ZUNI PUEBLO, N.M. (AP) – An entire neighborhood dating back to the mid-1900s is being remodeled. Down the street, children are running through the halls of a new state-of-the-art school while the community's older residents are celebrating a newly built senior citizen center.

There's a building boom going on throughout Zuni Pueblo, signs that economic development has found its way to the western New Mexico tribal community.

“That was our focus when we ran for office, that we wanted economic development,” Zuni Councilwoman Virginia Chavez said during a recent interview.

Chavez, who retired from the Zuni Public School District after a 30-year career, ran for office in 2014. She recalled early on during her first year in office when Loren Thomas visited the Zuni Tribal Council and asked for support to expand his family business to include a shopping center.

“I was overjoyed,” Chavez said. “I really wanted that here at Zuni, and we wholeheartedly supported it.”

With a population of about 12,000 residents, Zuni is the most populated pueblo in New Mexico. However, officials have said that as much as 80 percent of income in the community goes to border towns or nearby cities.

Along State Highway 53, men in heavy-duty boots and hard hats worked at erecting a new supermarket – a 15,000-squarefoot facility that will include a deli and large parking lot. A Gallup bank is financing the project with a $2.75 million loan, and the U.S. Department of Agriculture Rural Development is providing a guarantee for the loan. The supermarket is scheduled to open later this year.

With the opening of a bigger supermarket, Chavez and other tribal officials hope to keep more money from leaving the pueblo.

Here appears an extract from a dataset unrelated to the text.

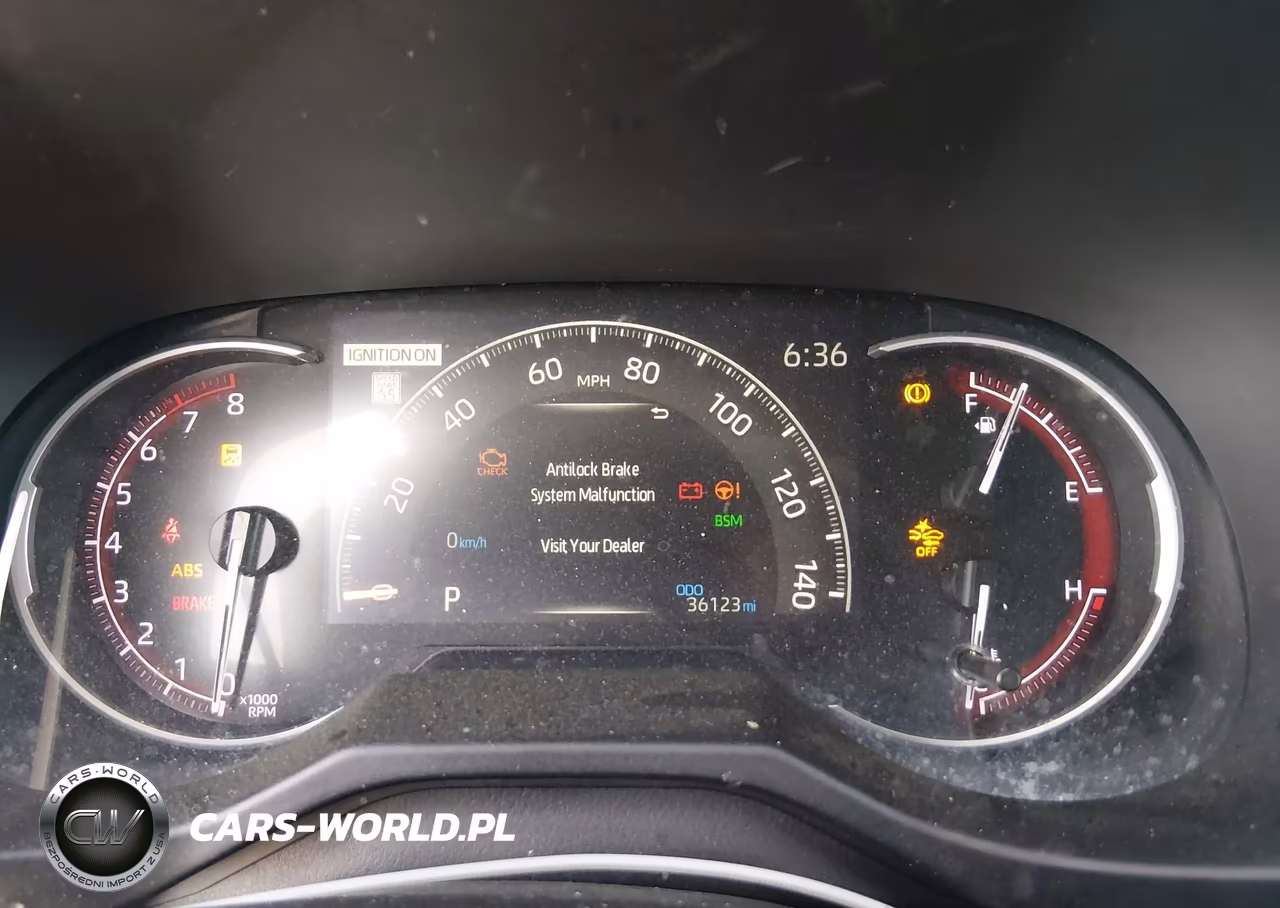 2024 Toyota Rav4 Xle VIN:2T3W1RFV7RC296725 - 7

A new airport with a longer runway that can accommodate the emergency landing of larger planes also is being built just a few miles from Zuni. About 90 percent of the $5.5 million construction costs were allocated by the Federal Aviation Administration, 5 percent from the state, and the remaining 5 percent from the tribe.

Earlier this year, the tribe contracted the services of Klas Robinson, a financial firm that provides market research, to prepare an economic development study. Zuni Pueblo Gov. Val Panteah said the preliminary report is in and there are plans for a more comprehensive review that includes a traffic study.

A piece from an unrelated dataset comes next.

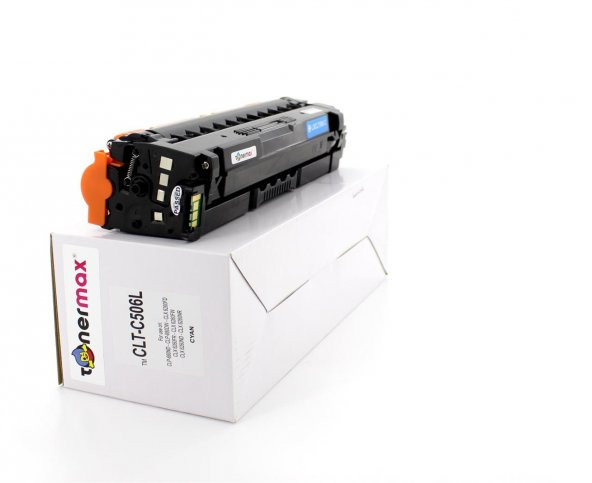 Samsung 506L Muadil Toner Mavi - Resim 3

“Hopefully, it gives us an idea as far as what we can develop here,” Panteah said.

In the past year, the Zuni Tribal Council has also created an investment committee.

Panteah said Morgan Stanley was recently contacted to manage the pueblo's investments.

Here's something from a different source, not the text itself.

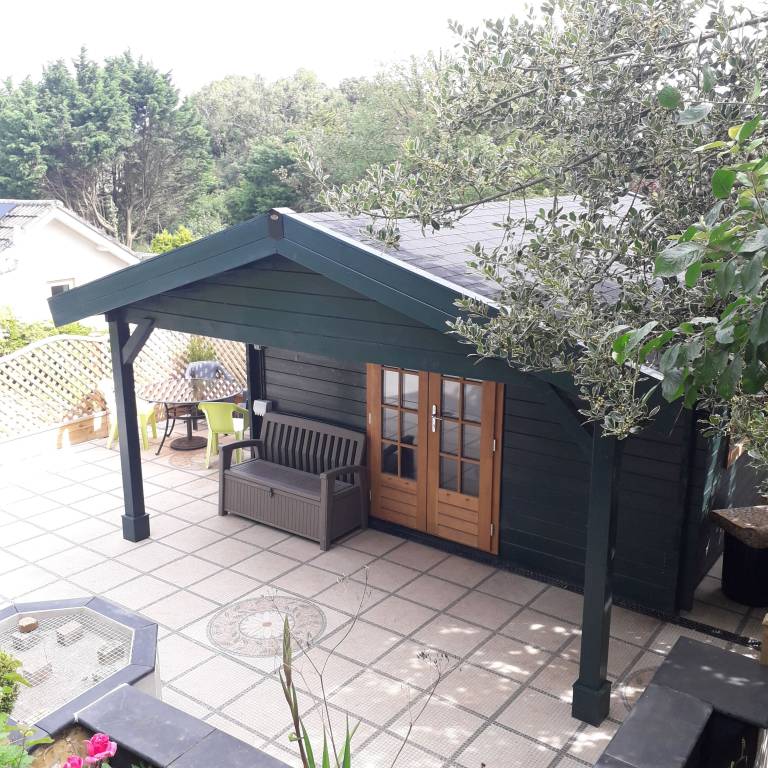 Cabin Charlton Down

“Without being a gaming tribe, we got to look at every opportunity and way to generate revenues,” Panteah said.

While the pueblo has been traditionally against developing casinos on the reservation, the previous administration sought a gaming compact with New Mexico in 2014 and the Bureau of Indian Affairs approved it in August 2015.

Tribal authorities said there are no plans to open a casino in Zuni. Former Zuni Gov. Arlen Quetawki, who is now a tribal councilman, said in 2015 the pueblo had been leasing its share of slot machines to other tribes in southern Arizona.